In spite of what Greenspan says, rates are low and it looks like they will stay lower for longer. I don't think the full impact of globalization on non-union manufacturing wages in the US is fully understood in policy circles.

Net effect, the only inflation is in areas like medical services, college.

Anything that can be downloaded or bought in a store/online has minimal inflation so rates can't go higher.

Submitted by FlyerInHi on August 7, 2017 - 12:09am.

Escoguy wrote:

Anything that can be downloaded or bought in a store/online has minimal inflation so rates can't go higher.

I so agree. Not to mention the overhang in capacity. Everything is being commoditized which is wonderful because standards of living are increasing, if you have fixed housing costs.

Now, if technology could commoditize housing like 3D print houses or build prefab very quickly....

After a decade, I'm still waiting for dollar debasement and hyperinflation that was predicted by the likes of Ron/Rand Paul.

Submitted by gzz on August 8, 2017 - 11:21am.

OB rcently got three prefab houses. I think the developers were only about 30 and it was their first project. The lot had been vacant for at least a decade. Now only two vacant lots remain in OB west of Ebers, one right next to it and one on Santa Monica.

It actually looks better in person, the pics make it look dated ultramodern.

http://www.threeonabbott.com/

Submitted by bewildering on August 8, 2017 - 12:32pm.

gzz wrote:
OB rcently got three prefab houses. I think the developers were only about 30 and it was their first project. The lot had been vacant for at least a decade. Now only two vacant lots remain in OB west of Ebers, one right next to it and one on Santa Monica.

It actually looks better in person, the pics make it look dated ultramodern.

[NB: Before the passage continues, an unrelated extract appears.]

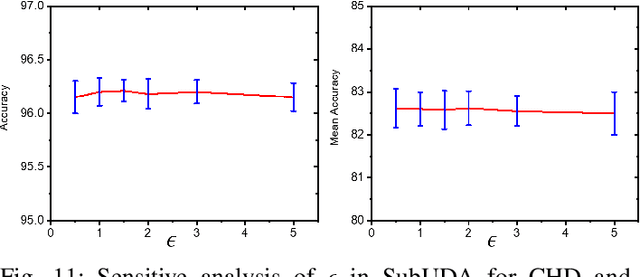 Figure 3 for Subtype-Aware Dynamic Unsupervised Domain Adaptation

http://www.threeonabbott.com/

I am surprised the steep step ladder to the sleeping area is to code. These houses will definitely not be appealing to people with kids.

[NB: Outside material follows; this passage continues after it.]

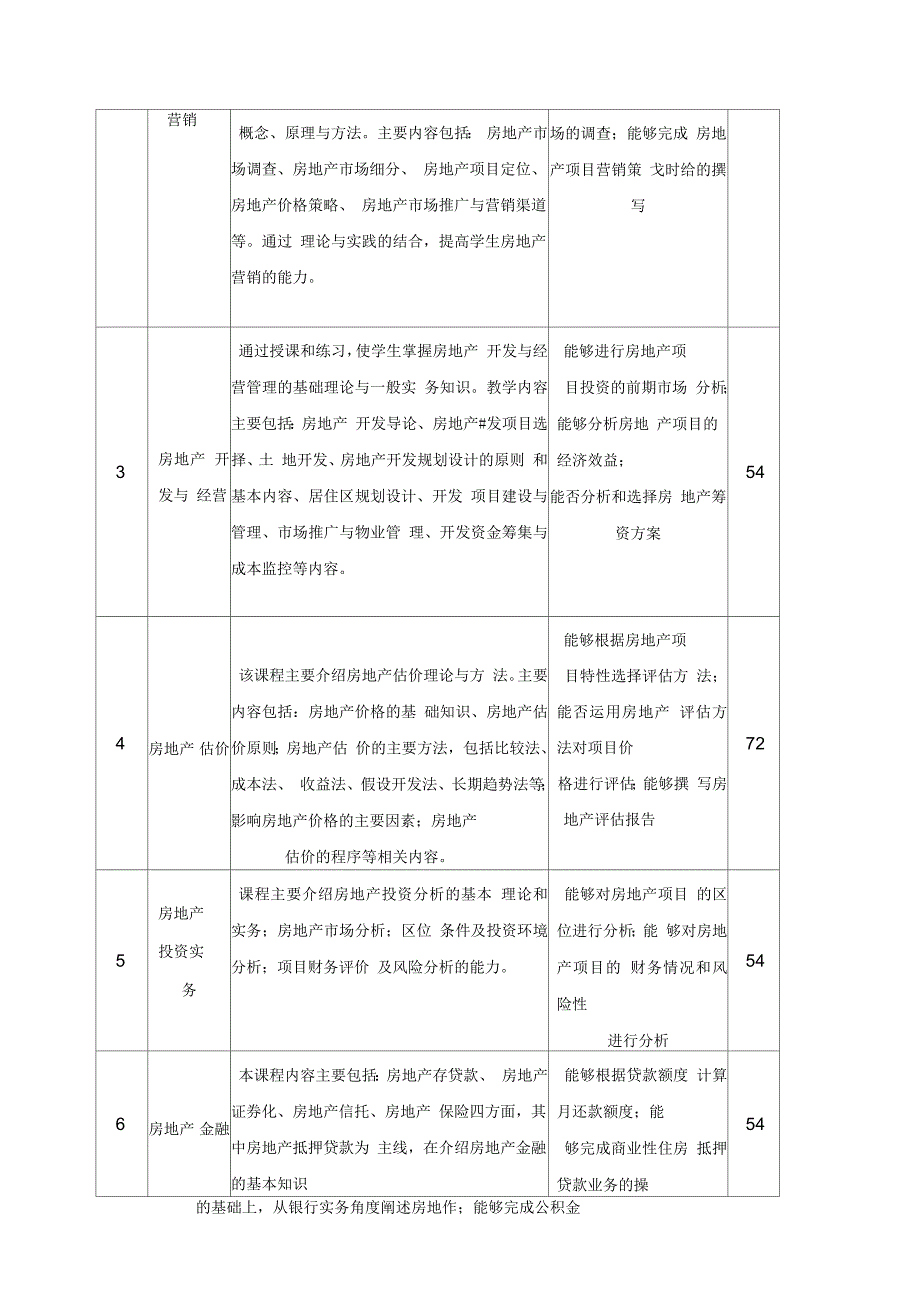 房地产经营与估价专业人才培养方案_第3页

Submitted by gzz on August 8, 2017 - 1:47pm.

Kids love loft beds. I climbed trees a lot more dangerous looking than that when I was 9. Not good for little kids of course.

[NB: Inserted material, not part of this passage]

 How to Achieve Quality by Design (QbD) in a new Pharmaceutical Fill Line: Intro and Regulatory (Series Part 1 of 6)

I don't think that roof deck is up to code either.

Overall though it looks like a great use of space.

Submitted by FlyerInHi on August 9, 2017 - 11:40am.

gzz wrote:
OB rcently got three prefab houses. I think the developers were only about 30 and it was their first project. The lot had been vacant for at least a decade. Now only two vacant lots remain in OB west of Ebers, one right next to it and one on Santa Monica.

It actually looks better in person, the pics make it look dated ultramodern.

http://www.threeonabbott.com/

I love it. We should do more like this, especially as companion units. As an Airbnb, the choice of materials and furnishings could be different or maintenance reasons. Otherwise, it's awesome.

I'm sure everything is up to code. The ladder is no different than a ladder that you buy at Home Depot and lean against your wall.